Nomaden in der Erg Chebbi-Wüste in Marokko (Foto: Gendries)

Wasserrisiken durch flexible Ressourcen mindern

Zum Überleben in diesen Trockengebieten gehört auch der Bau von Tiefbrunnen mit Bohrlöchern. Wenn man den Zugang zu Wasser in Trockengebieten verbessert, wird können Viehhalter länger an einem Ort bleiben. Wenn sich aber in der Nähe des Brunnens weitere Viehhalter mit ihren Tieren ansiedeln, wird dort die Nachfrage nach Wasser und Weideland für ihre Tiere erhöht. Damit bestehe die Gefahr negativer Auswirkungen auf die Bevölkerung hat und deren Widerstandsfähigkeit gegenüber Dürren und dem Klimawandel, erklärt Ko-Autor und Hydrologe Professor Dr. Giuliano Di Baldassarre von der Universität Uppsala.

Da es nicht möglich sei, die ausreichende Verfügbarkeit von Wasser zu garantieren, bestehe die Gefahr, dass die Viehzüchter und Hirten noch größere Probleme bekommen, wenn sie sich dauerhaft an einem Ort niederlassen. Maßnahmen, die allein die Wasserversorgung erhöhen, würden ohne ein wirksames Management die Widerstandsfähigkeit von Nomadengemeinschaften gegenüber Dürre und Klimawandel mindern.

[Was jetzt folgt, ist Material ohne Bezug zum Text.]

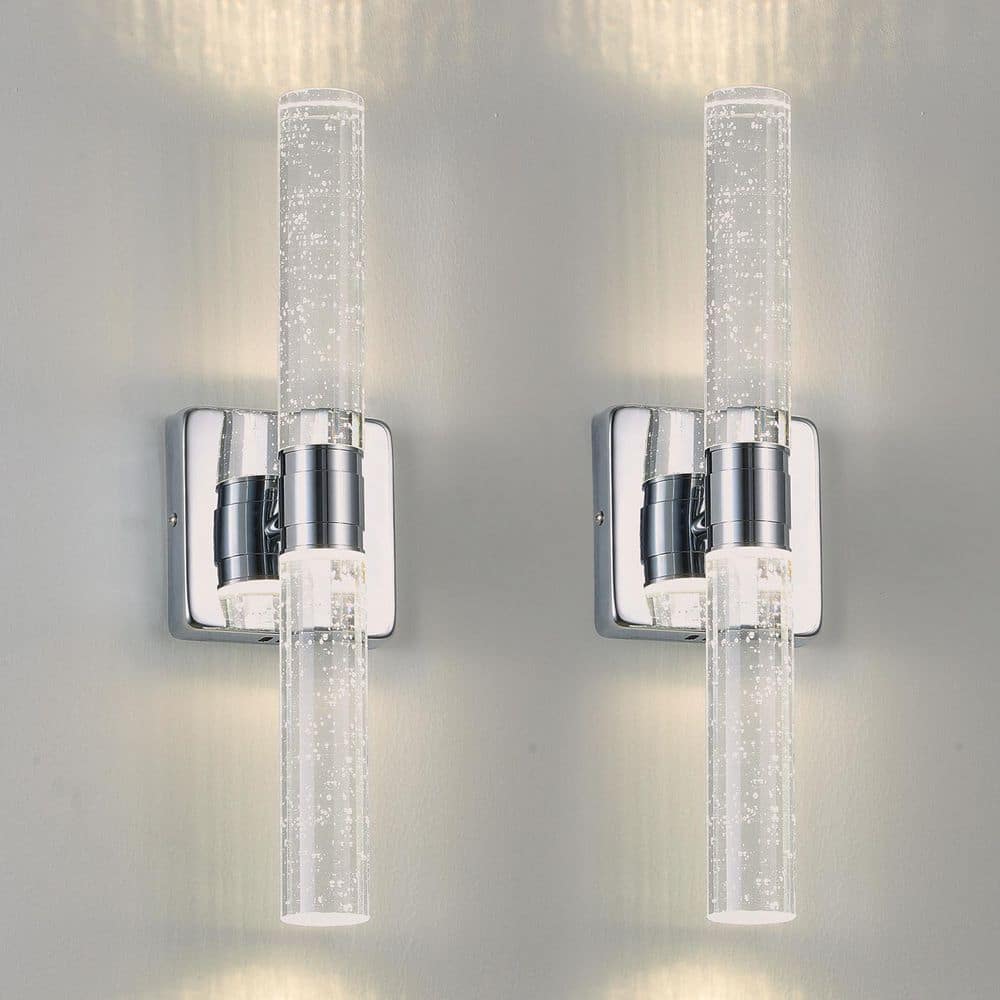 2-Light Chrome Wall Sconce for Bathroom, Bedroom, Indoor Wall Lighting Fixt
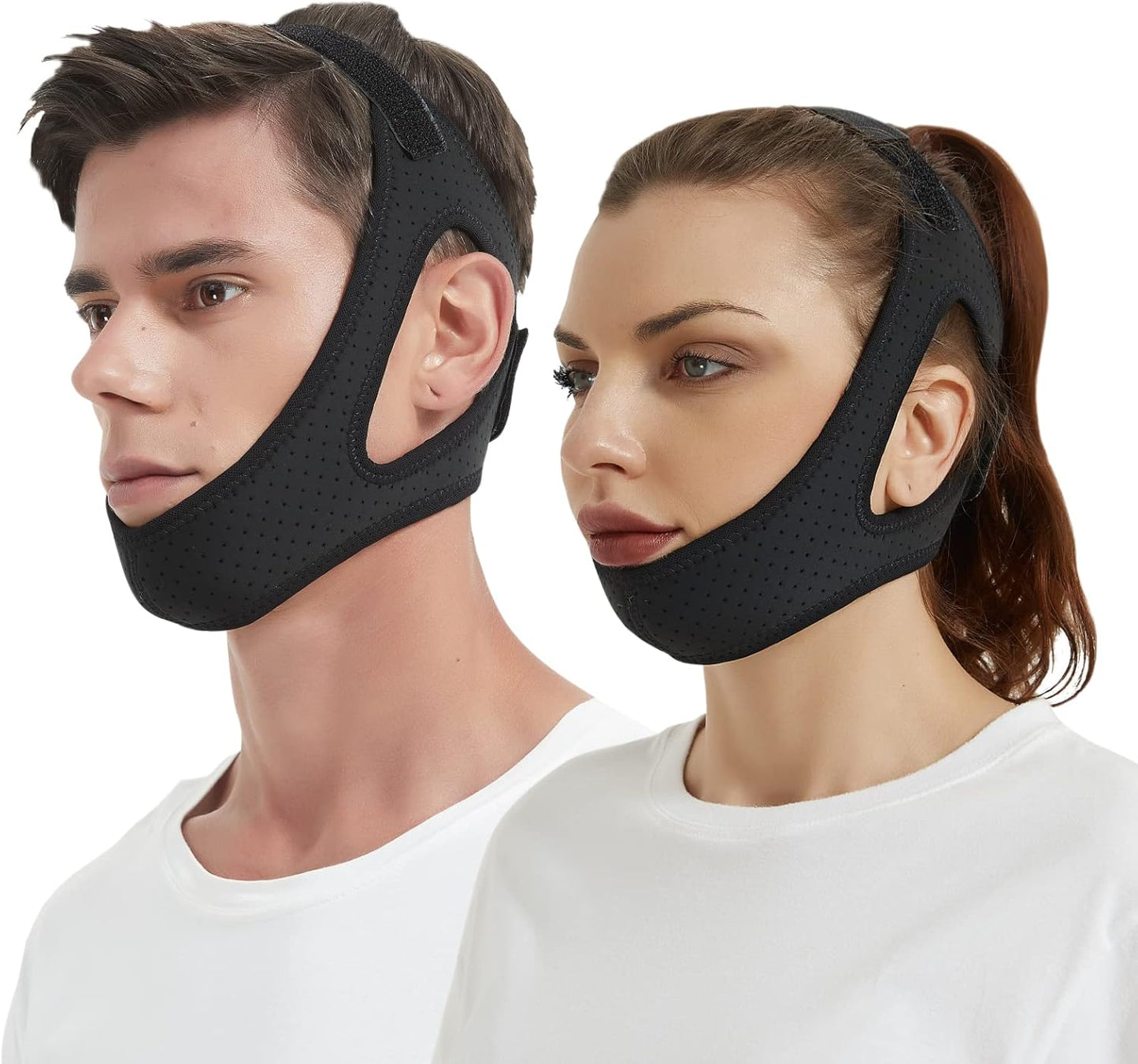 Chin Strap for CPAP User - Adjustable Snore Stopping Device Face Mask Bandage Keeping Mouth Closed - Better Night's Sleep Women and Men (Black)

Das sei gefährlich, da in den kommenden Jahrzehnten in vielen Regionen mit zunehmender Dürre zu rechnen sein wird.

Anstelle von Grundwasser-Brunnen favorisieren die Forscher Wassergewinnungstechnologien wie das Sammeln und Speichern von Oberflächenwasser nach Regenfällen. Dies würde die Wasserverfügbarkeit während der Trockenzeit verlängern. Darüber hinaus würden traditionelle und innovative Wassersammelstrukturen, wie unterirdische Dämme und offene Teiche die Zurückhaltung der Bodenfeuchte im Boden erhöhen, mit positiven Auswirkungen auf die lokale Vegetation und die flachen Grundwasserleiter. Der Bau von Wassersammelstellen, und seien sie auch nur vorübergehend gefüllt, könne den Hirten die Wasserverfügbarkeit erhöhen und gleichzeitig ihre Mobilität fördern, insbesondere wenn sie entlang traditioneller Wanderrouten der Nomaden platziert würden. Dies würde auch den Druck auf die Grundwasserressourcen verringern, die voraussichtlich durch die zukünftige Bewässerungserweiterung und die landwirtschaftlichen Praktiken der Hirtenwirtschaft zunehmend erschöpft werden.

Das bewegt mich zum Nachdenken

Um Menschen in unwirtlichen Wüstenregionen einen Zugang zu Wasser zu ermöglichen, denken wir zunächst an den Bau von Brunnen und Bohrlöcher. Viele rufen nach Hilfsmittel für derartige Projekte. So erging es auch mir, als ich auf meiner Reise durch Marokko nördlich der Sahara auf ein Brunnenprojekt für Nomaden gestoßen war. Die Studie zeigt, dass das Thema deutlich komplexer und risikobehafteter ist. Resilienz der Lebensbedingungen gegen die dynamischen Veränderungen infolge des Klimawandels bedeutet in allen Weltreligionen – zumal in den am härtesten von Trockenheit und Dürre betroffenen – ein ganzheitlicheres Denken und Handeln.